(Beginning of Recorded information)

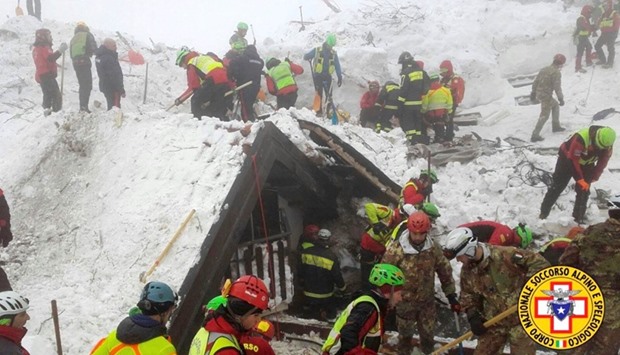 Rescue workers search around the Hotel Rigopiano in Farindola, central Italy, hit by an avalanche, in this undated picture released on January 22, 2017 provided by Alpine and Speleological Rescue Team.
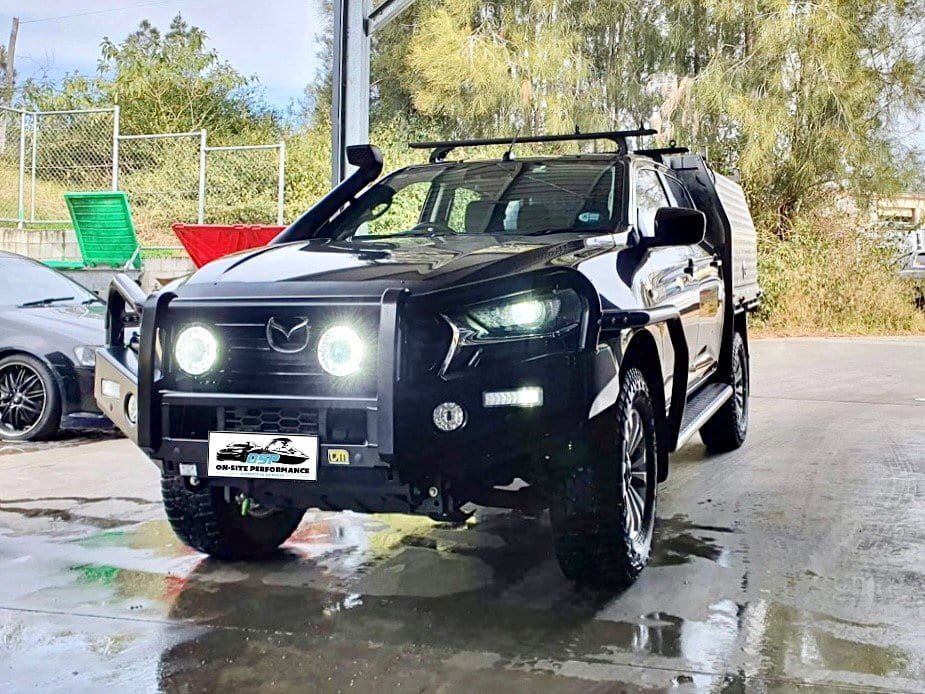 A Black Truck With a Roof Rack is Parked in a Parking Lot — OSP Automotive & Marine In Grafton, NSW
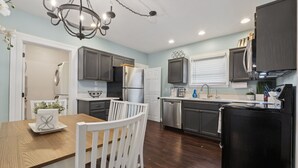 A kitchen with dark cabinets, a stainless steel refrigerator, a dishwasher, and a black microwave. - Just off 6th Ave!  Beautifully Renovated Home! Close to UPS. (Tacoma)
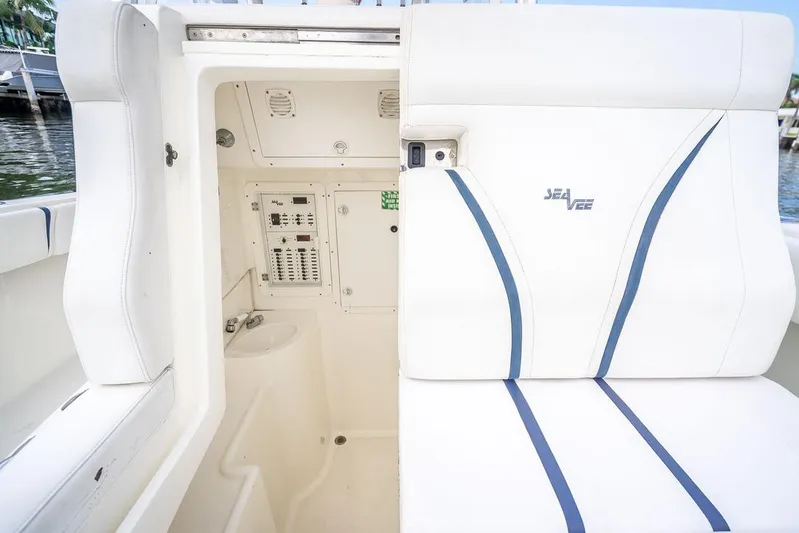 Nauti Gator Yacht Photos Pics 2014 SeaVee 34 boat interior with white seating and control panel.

(End of Recorded information)
(Beginning of Recorded information)

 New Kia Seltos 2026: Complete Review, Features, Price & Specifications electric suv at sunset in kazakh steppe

(End of Recorded information)
(Beginning of Recorded information)

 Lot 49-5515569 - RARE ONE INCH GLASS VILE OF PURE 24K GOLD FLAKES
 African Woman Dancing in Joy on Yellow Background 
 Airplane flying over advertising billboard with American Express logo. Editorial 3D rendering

(End of Recorded information)

Task prompt
Using the entries above, return exactly the lines from the line with "African Woman Dancing" to the line with "Airplane flying over", counting both of those lines.

Written answer
 African Woman Dancing in Joy on Yellow Background 
 Airplane flying over advertising billboard with American Express logo. Editorial 3D rendering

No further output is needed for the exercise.